§ Recorded data
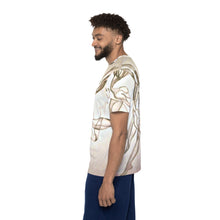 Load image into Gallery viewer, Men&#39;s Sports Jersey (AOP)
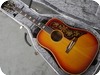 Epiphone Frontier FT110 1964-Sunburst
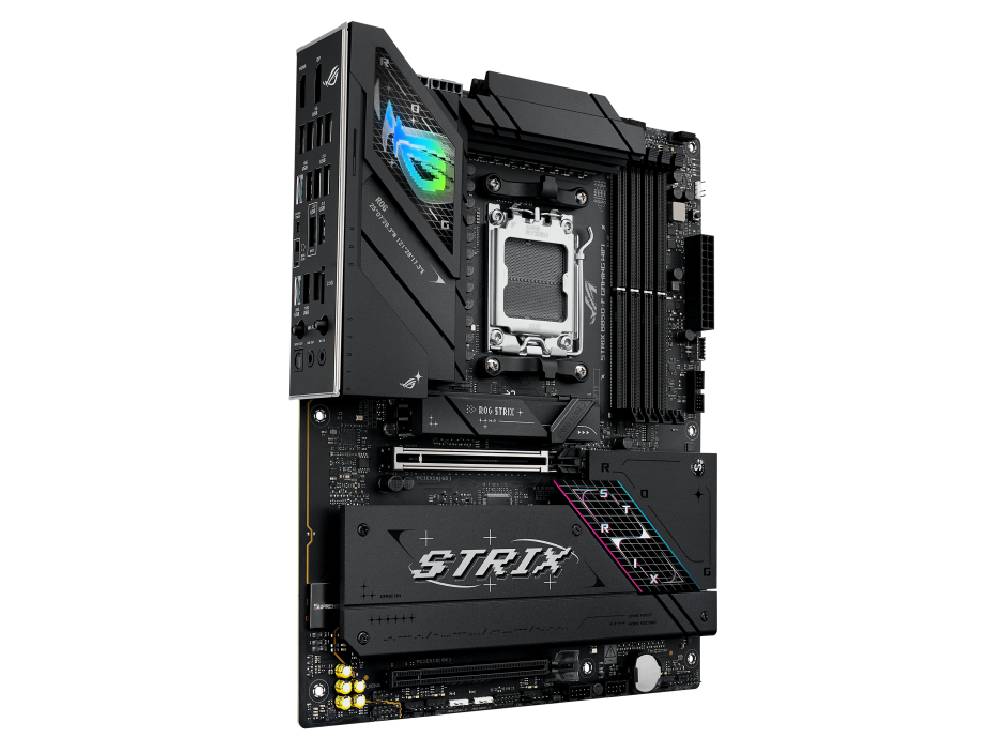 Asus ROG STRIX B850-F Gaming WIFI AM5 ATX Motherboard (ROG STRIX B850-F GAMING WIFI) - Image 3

§ Exercise instructions
Beginning with the line that holds "Epiphone Frontier FT110 1964-Sunburst", output each line to the end of the material above, exactly, omitting the pictures.

§ Reply
 Epiphone Frontier FT110 1964-Sunburst
 Asus ROG STRIX B850-F Gaming WIFI AM5 ATX Motherboard (ROG STRIX B850-F GAMING WIFI) - Image 3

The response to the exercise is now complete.